Des barrages ont été installés sur toutes les routes entrant dans la ville de Kairouan (150 km au sud de Tunis). Les policiers semblaient fouiller en particulier les véhicules dont les passagers sont des hommes portant la barbe, attribut des salafistes.

Les forces de sécurité étaient déployées en nombre dans Kairouan, mais aussi ailleurs dans le pays, comme à Tunis où les patrouilles se sont multipliées depuis vendredi soir notamment dans les quartiers considérés comme des bastions d'Ansar Ashariaa.

Une journaliste de l'AFP et des médias tunisiens ont fait état d'interpellations de militants salafistes à Kairouan et dans d'autres villes.

Ansar Ashariaa, qui a menacé le gouvernement de «guerre» la semaine dernière et est jugé responsable de l'attaque de l'ambassade américaine en septembre, a répété samedi maintenir son congrès.
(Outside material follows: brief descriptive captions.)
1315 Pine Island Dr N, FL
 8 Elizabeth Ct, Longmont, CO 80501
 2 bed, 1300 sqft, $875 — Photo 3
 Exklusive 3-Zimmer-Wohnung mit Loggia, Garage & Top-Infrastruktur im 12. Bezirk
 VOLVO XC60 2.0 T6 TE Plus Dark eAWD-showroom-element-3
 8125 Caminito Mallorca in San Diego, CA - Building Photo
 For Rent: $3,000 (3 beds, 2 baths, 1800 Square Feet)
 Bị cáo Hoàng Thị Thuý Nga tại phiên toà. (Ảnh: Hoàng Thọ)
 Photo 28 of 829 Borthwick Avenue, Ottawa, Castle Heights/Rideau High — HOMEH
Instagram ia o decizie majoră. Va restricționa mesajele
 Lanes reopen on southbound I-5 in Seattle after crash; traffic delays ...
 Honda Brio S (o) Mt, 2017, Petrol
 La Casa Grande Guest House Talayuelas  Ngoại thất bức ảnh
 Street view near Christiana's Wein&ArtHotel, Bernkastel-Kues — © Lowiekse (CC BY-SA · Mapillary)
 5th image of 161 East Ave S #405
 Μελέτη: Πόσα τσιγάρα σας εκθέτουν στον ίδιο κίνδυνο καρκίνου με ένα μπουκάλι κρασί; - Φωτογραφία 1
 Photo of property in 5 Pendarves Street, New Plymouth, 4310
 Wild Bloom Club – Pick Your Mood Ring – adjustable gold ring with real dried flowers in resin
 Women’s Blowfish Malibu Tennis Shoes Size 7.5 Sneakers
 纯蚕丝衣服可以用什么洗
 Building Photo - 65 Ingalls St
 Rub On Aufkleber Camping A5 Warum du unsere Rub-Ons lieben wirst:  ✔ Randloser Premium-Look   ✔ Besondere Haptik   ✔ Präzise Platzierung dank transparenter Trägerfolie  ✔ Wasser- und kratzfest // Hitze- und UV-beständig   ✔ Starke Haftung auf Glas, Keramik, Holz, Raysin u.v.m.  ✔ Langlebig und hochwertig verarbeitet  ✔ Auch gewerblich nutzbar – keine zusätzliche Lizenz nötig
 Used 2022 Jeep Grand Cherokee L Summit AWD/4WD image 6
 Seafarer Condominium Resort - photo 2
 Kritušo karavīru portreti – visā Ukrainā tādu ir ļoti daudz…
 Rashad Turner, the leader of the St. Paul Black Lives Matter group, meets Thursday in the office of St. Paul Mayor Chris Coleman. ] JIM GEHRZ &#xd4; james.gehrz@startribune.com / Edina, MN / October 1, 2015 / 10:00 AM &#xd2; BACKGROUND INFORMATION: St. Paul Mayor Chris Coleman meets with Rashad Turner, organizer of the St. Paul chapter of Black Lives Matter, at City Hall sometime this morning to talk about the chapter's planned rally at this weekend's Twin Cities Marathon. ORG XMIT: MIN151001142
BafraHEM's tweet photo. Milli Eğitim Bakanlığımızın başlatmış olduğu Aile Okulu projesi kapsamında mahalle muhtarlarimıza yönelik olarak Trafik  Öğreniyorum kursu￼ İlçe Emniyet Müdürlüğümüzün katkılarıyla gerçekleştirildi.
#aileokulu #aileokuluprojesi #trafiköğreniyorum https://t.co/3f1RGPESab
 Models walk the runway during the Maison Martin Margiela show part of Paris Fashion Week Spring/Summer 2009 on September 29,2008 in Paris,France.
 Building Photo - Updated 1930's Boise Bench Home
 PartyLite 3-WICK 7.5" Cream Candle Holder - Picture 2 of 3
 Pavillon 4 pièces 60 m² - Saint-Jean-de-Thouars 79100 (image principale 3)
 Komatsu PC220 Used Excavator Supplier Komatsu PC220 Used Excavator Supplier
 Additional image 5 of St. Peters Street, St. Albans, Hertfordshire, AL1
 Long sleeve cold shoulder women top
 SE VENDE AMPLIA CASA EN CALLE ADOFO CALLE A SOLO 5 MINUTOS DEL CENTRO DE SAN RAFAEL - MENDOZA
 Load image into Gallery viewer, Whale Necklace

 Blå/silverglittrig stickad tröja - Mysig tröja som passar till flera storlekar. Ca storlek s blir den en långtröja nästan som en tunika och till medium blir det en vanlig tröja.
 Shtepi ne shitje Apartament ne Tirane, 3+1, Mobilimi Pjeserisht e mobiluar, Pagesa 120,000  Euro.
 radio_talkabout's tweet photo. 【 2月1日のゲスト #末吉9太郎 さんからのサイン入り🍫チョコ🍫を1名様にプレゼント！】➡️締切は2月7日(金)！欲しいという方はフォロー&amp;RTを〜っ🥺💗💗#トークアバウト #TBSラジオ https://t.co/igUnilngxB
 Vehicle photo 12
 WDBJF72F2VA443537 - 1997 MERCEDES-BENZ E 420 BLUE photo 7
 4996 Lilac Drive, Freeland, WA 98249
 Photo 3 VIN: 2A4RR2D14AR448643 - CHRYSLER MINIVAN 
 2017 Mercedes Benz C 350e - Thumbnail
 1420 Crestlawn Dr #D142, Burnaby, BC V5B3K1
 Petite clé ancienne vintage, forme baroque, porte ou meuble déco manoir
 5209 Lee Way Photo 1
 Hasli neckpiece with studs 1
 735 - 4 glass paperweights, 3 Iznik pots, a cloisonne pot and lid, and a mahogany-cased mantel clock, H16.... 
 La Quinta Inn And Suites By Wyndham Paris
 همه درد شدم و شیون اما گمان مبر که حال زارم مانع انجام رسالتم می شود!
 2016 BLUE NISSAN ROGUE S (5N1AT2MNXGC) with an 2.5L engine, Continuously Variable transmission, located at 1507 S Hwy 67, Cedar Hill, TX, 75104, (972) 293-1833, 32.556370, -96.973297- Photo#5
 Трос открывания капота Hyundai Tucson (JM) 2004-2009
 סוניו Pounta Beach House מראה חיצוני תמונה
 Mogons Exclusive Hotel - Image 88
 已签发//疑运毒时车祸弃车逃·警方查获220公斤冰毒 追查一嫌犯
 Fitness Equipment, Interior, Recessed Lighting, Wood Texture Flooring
«Le rassemblement aura lieu», a déclaré à l'AFP Sami Essid, un responsable du mouvement, qui revendique 40 000 militants.

La page Facebook de l'organisation appelle néanmoins ses partisans «à la retenue» et à «ne pas céder aux provocations» de la police.

D'autres sites proches de ce groupe publiaient de leur côté des cartes montrant des itinéraires à emprunter pour contourner les barrages des forces tunisiennes.

Le ministère de l'Intérieur a lui réaffirmé une nouvelle fois samedi soir dans un communiqué que le congrès de Kairouan était interdit et qu'il ferait «respecter la loi».

Les ambassades occidentales ont dans ce contexte demandé à leurs ressortissants de ne pas se rendre à Kairouan ce week-end.

Ansar Ashariaa a appelé ses militants à se réunir pour son congrès annuel face à la grande mosquée de Kairouan, le centre spirituel et religieux de la Tunisie, à partir de 15H00, après la prière de l'après-midi.

Son chef, Saif Allah Bin Hussein dit Abou Iyadh, est un vétéran d'Afghanistan ayant combattu avec Al-Qaïda. Il est en fuite depuis l'attaque de l'ambassade des États-Unis, les autorités le considérant comme l'organisateur de cette manifestation qui avait dégénéré en affrontements (quatre morts parmi les assaillants).

La Tunisie a vu depuis la révolution de 2011 se multiplier les violences orchestrées par la mouvance salafiste. Le pays est aussi déstabilisé par une profonde crise politique et le développement des conflits sociaux face à la misère.

Le parti islamiste au pouvoir Ennahda a longtemps été accusé de laxisme pour avoir toléré les groupuscules salafistes jihadistes. Il a cependant considérablement durci sa position après que seize militaires et gendarmes ont été blessés par des mines posées par des groupes armés traqués à la frontière avec l'Algérie.

L'état d'urgence, qui donne des pouvoirs accrus à l'armée et aux forces de l'ordre, est en vigueur en Tunisie depuis janvier 2011 et la chute du régime de Zine El Abidine Ben Ali.